You may well be thinking that life is too short to spend time in the orchard thinning fruit. In our view, any time spent in an orchard is a bonus. There are, though, some good reasons to thin fruit particularly if your trees are heavy croppers. The main one is that the tree will produce better quality and size fruit – albeit fewer of them – but there are other benefits
- heavy crops can cause limb damage
- fruit will ripen more evenly as more light and air can penetrate the branches
- it may help reduce the spread of pests and diseases
- heavy cropping in young trees can set them back
After the tree has finished blossoming small fruits begin to form from the flowers that were successfully pollinated. Crop size varies from year to year but if it is a bountiful year thinning out some of the fruit from each cluster enables the tree to direct its resources to the remaining apples.
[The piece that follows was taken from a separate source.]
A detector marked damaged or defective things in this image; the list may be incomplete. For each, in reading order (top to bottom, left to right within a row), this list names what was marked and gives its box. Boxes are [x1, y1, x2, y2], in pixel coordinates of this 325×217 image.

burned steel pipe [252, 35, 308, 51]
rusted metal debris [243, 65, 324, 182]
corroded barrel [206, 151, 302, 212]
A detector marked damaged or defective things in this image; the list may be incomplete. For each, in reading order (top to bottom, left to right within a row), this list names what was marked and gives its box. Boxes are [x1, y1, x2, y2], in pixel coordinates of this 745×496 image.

A few weeks after the fruit has set, the tree will often shed fruit naturally. This is known as the ‘June Drop’
(although it doesn’t always happen in June and can go until July in some areas). It is wise to wait to until the full extent of the natural loss of fruit is known before you start thinning fruit yourself.
Fruit thinning should be done when the immature fruits are roughly the size of a thumbnail. At this point in their development cell division is still taking place, so if some of the apples are removed the extra nutrients at the tree’s disposal will be channelled into the remaining fruit throughout summer resulting in larger, healthier apples.
If several apples have been produced on each bloom cluster, thin to one or two fruit. First, remove any that are damaged, diseased or poorly positioned, i.e., shaded by the other fruit or leaves. Opinion is divided on whether the centre fruit, or ‘king’ fruit, which tends to be larger should be left or removed. One view is that the flesh of the king fruit is coarser and doesn’t store as well. Others believe it is the best candidate to develop into the largest, juiciest fruit. Either way, the aim is to leave a couple of the best formed and healthiest looking fruit.
Use clean, sharp secateurs or scissors to thin excess fruit rather than plucking with your fingers, as sometimes this can weaken the base of the cluster causing the other fruit to drop.
If an apple tree has developed a two-year fruiting cycle – biennial bearing
– thinning the fruit in the year when it is cropping can sometimes help correct the problem. However, it is normally more effective to thin the flower buds before the fruit has started to develop leaving enough resources for the formation of fruit buds the following year.